Thursday, April 5, 2012

Old Highways

When I was a kid, my dad would routinely point out "the old road" as he drove the family on some highway or another.

In the Columbia Gorge, the Old Road was a true classic - the Columbia River Highway, built between 1913 and 1922 as America's first Scenic Highway - but even in other areas, WPA era two-lanes had more romance than the modern, 1950s, four-lanes.

In the sumer of 1958, we took a long family car trip from Portland, Oregon, to the Philmont Boy Scout Training Center, in New Mexico, where my dad was to take a course. There & back was a scenic tour of Western National Parks and areas in between. Largely on two lane highways, some of which may have been the true, classic Route 66 - but most of which had that flavor, even if we were actually going south or north, in other states.

Less than fourteen years later, driving my own car from New Jersey to Portland in January, I chose an Interstate-20 route to avoid as much winter weather as possible, but when I now read about Route 66, I recognize that I was witnessing the last of the classic era in places, though at the time I thought it was long gone, buried under the Interstate.

Even in 1958, we had stretches of new-built Interstate, with more areas of construction. By 1972, the only place I recall being on 'the old road' was between Atlanta and Birmingham, where long stretches of two lane wound through small towns with many right-angle turns - but many stretches were on detours and shoo-flies among massive Interstate construction projects.

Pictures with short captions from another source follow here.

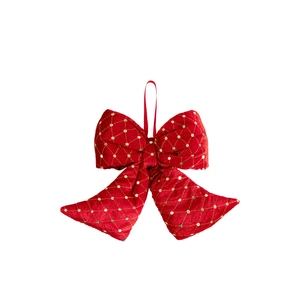 Red velvet Christmas bow with gold diamond stitching and sequins for tree decoration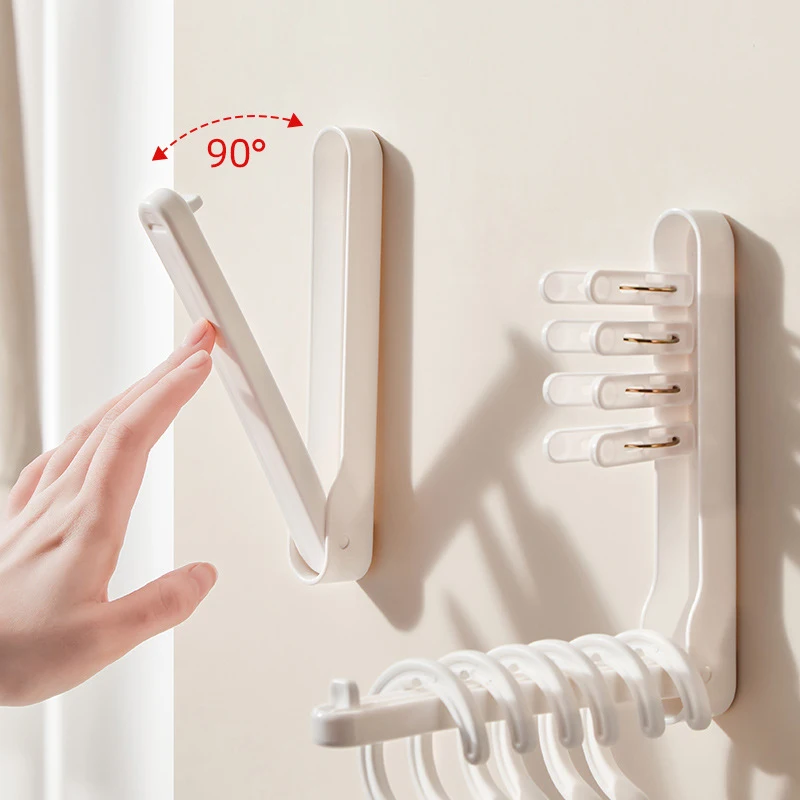 Clothes Hanger Storage Artifact No Punching Bedroom Organization Multifunctional Household Foldable Clip-proof Anti-slip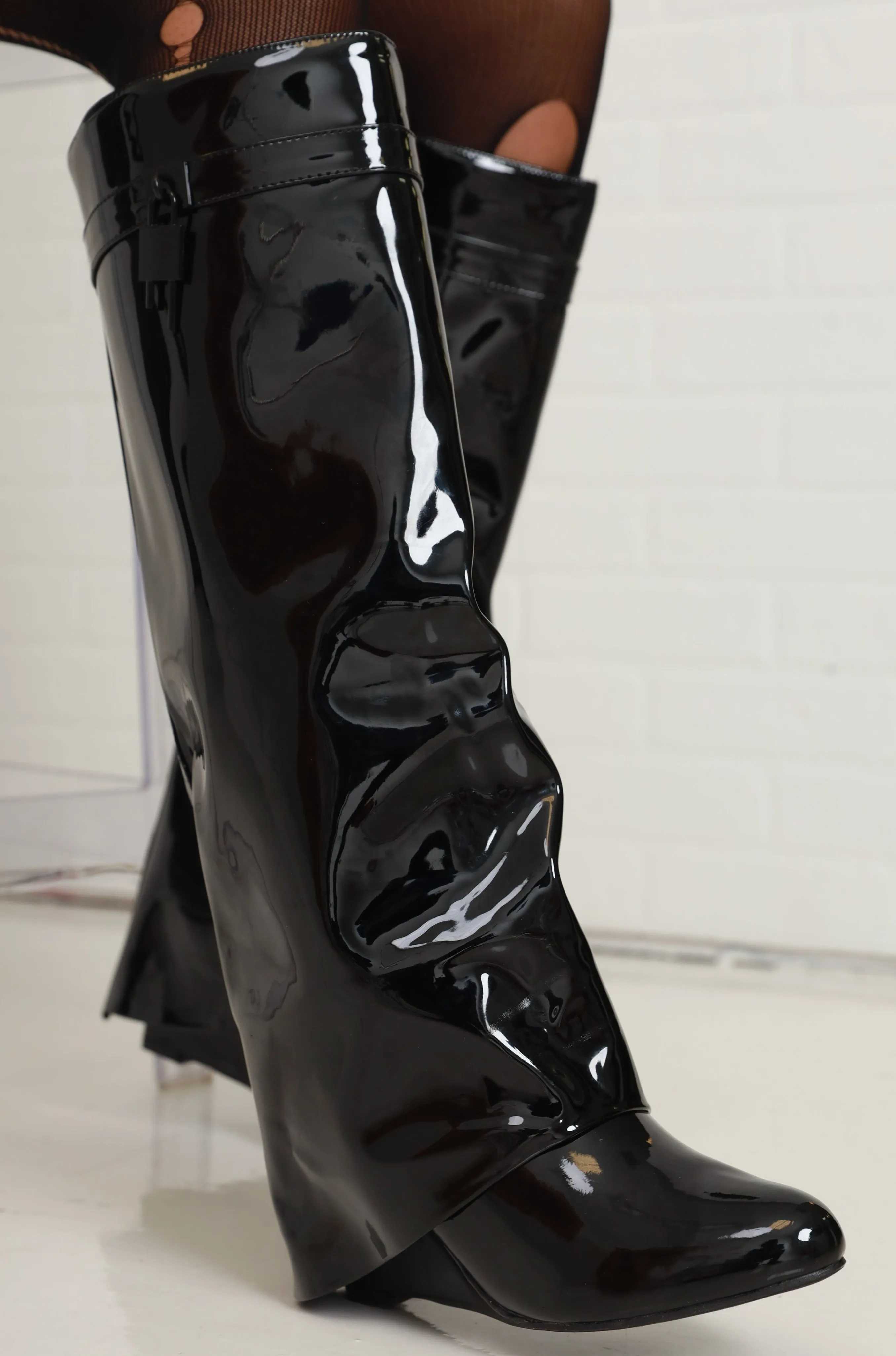 Lock & Key Faux Leather Knee High Boot - Black Patent sold by Swankaposh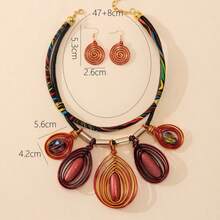 1 Bộ Dây Da Nhựa Nhôm Thủ Công Dệt Thời Trang Cổ Điển Thanh Lịch Tiệc Tiệc Ngày Lễ Bohemian Trung Đông Châu Âu Dây Chuyền Và Hoa Tai - Nhiều màu - Xem 9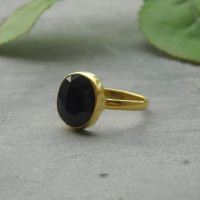 Gold vermeil ring, Blue Sapphire ring, Yellow gold sapphire ring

In 1975, riding with a friend from Fort Indiantown Gap, Pennsylvania, to Kearny, New Jersey, the "Lincoln Highway' markers along an elderly stretch of divided highway were only mildly intriguing, but when I came across a Lincoln Highway book the other day, I was more than intrigued, and immediately requested it and another from the library. A third, I had to order since neither local library system has it & I was excited enough to want one to keep on my shelf, and $10 for a used copy seemed reasonable enough, though it will be hard for it to measure up to Greetings From The Lincoln Highway: America's First Coast-to Coast Road.

Encouraged by some recent discussions of Road Trips, I found myself evaluating the Lincoln Highway in Nevada & Utah as road trip possibilities - as implausible as it might be for me to go there myself, with the medical and mental disability constraints, it is still great fun to read about and explore in maps and pictures.

In the 1960s and 1970s, most drivers were just relieved to have the ease and speed of the new Interstates, but even then, there were folks dedicated to exploring the byways and bypassed towns and scenery. Now Old Highways themselves seem to have become a minor, but nontrivial, interest area of their own.

I'm waiting for Road Trip USA: Cross-Country Adventures on America's Two-Lane Highways from the library. Maybe it will have a bibliography.

Seems like there is a lot more fun yet to be found in this topic.